Android Malware, Systematic Literature Review, Static Analysis, Dynamic Analysis , Reverse Engineering

Abstract

A large number of studies including research articles and surveys on android malware detection and analysis techniques have been presented during the last one and a half decades. The authors proposed different systems and frameworks to identify malware from software applications. However, there is no recent and comprehensive systematic literature review on the detection and analysis of android malware methods, systems, and frameworks. We present a systematic review of literature on android malware detection and analysis techniques and tools by following standard guidelines for Systematic Literature Review methodology from 2010 to 2021. We selected 75 most relevant studies out of 3343 published studies. We found that the prominent malicious datasets are Genome (39%) and Drebin (36%) used by different researchers for the detection of malware.

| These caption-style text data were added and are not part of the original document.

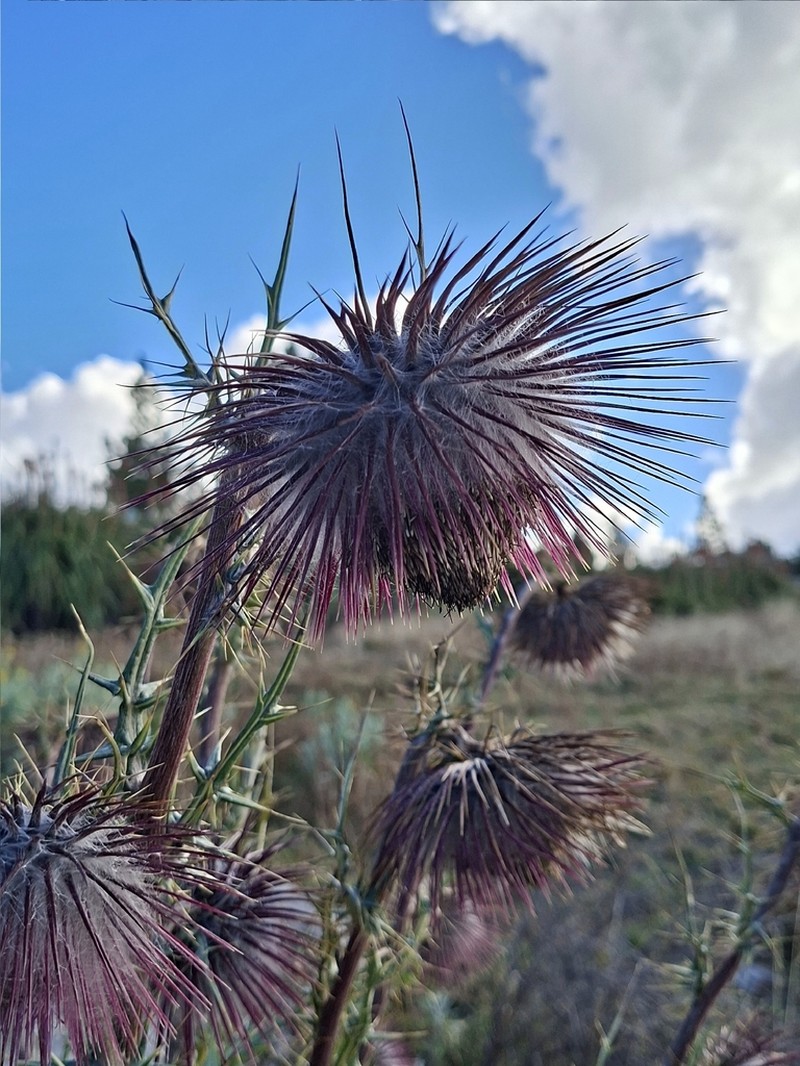 Cirsium consociatum photo 3
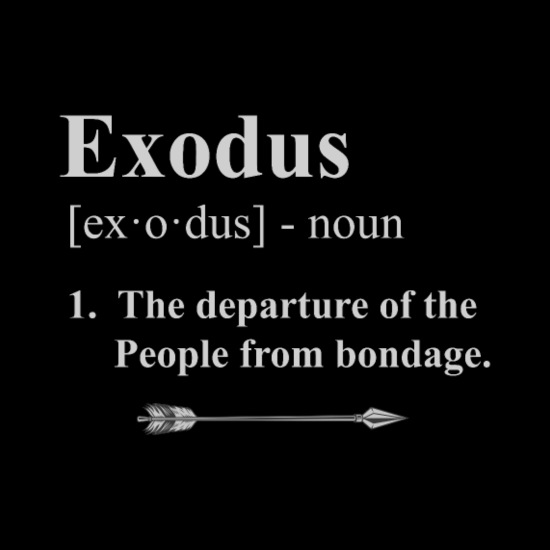 EXODUS Synonyms: 31 Similar and Opposite Words | Merriam-Webster Thesaurus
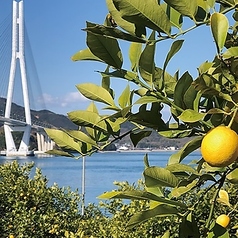 島のレモンサワー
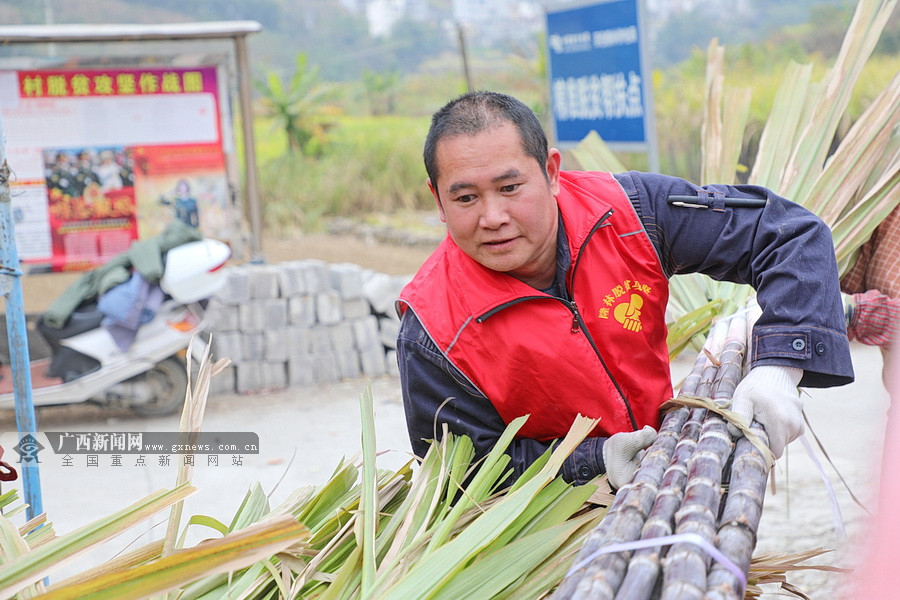 种植甘蔗致富新经_致富甘蔗种植新政策_致富甘蔗种植新闻报道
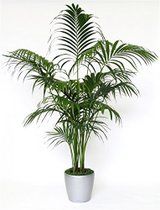 Palm Kentia (80 cm)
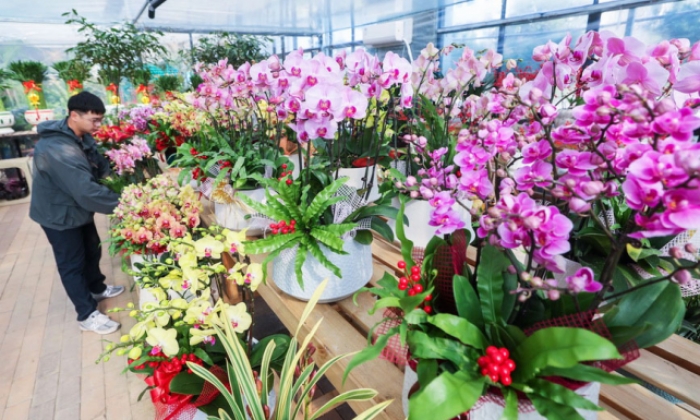 年宵花开启销售旺季 五彩花卉扮靓新年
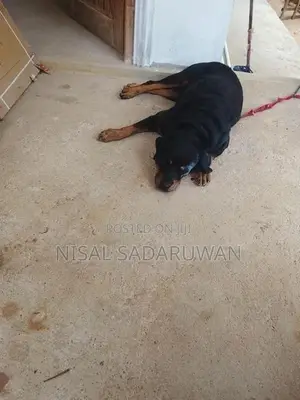 Rottweiler Female Puppy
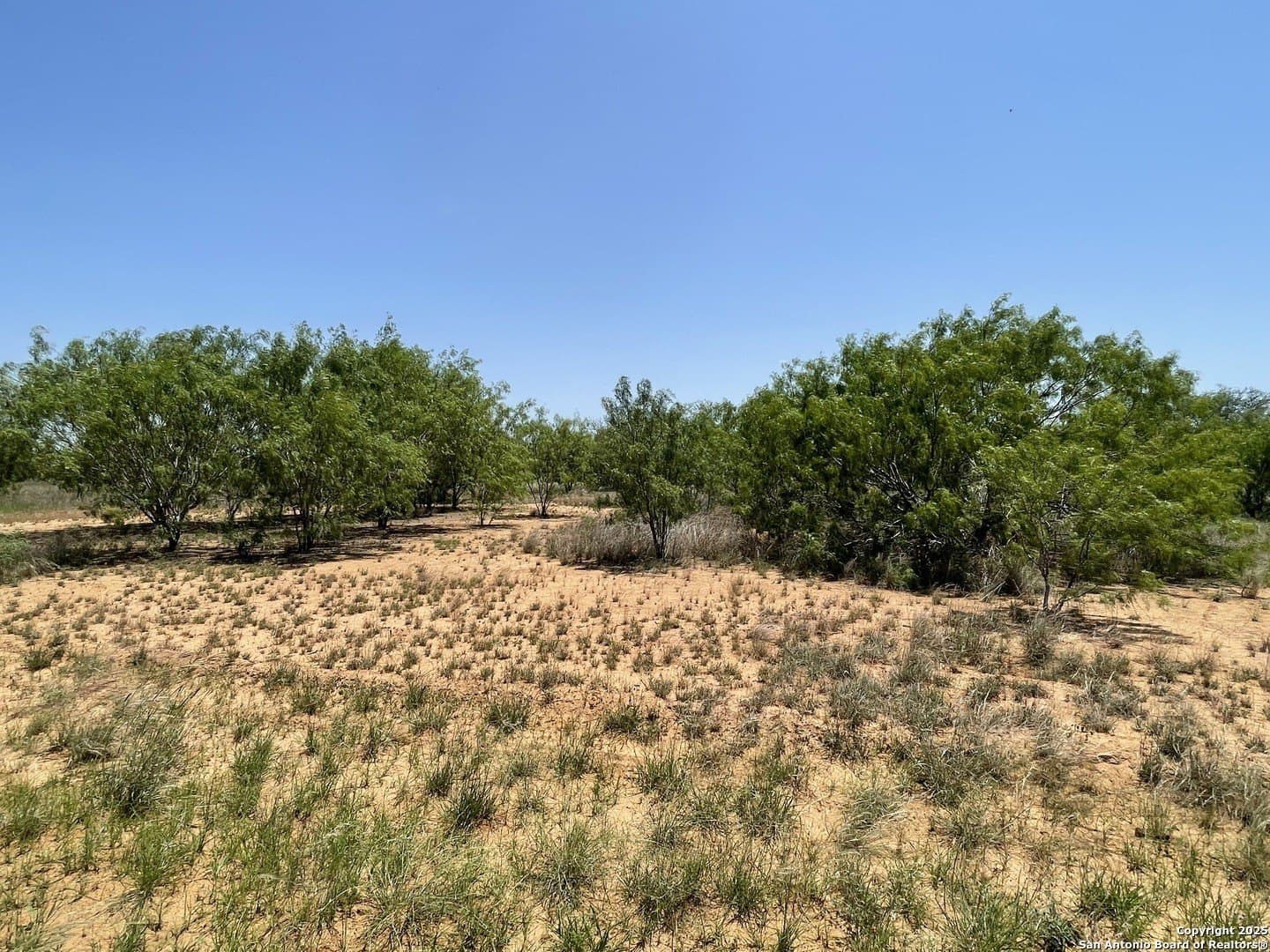 30.32 acres in Medina County gallery image 3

The static, dynamic, and hybrid source code analysis methods are applied by android malware detection techniques. We also identified the limitations and future research directions of existing techniques as research gaps for the community. Based on the pragmatic evidence of this research, we have proposed a hybrid analysis-based multiple feature analysis framework. This framework will not only address the limitations of static and dynamic-based approaches, but it also analyzes evolving android malware datasets using deep neural network and machine learning techniques and improve the accuracy of evolving malware samples.

Author Biographies

Mian Muhammad Bilal, Department of Computer Science (COMSATS University Islamabad, Lahore Campus)

 

 

Ghulam Rasool, Department of Computer Science, COMSATS University Islamabad, Lahore Campus.

 

 

Sajid Ibrahim Hashmi, Department of Computer Science, COMSATS University Islamabad, Lahore Campus.

 

 

zaigham Mushtaq, Department of Computer Science (The Islamia University of Bahawalpur).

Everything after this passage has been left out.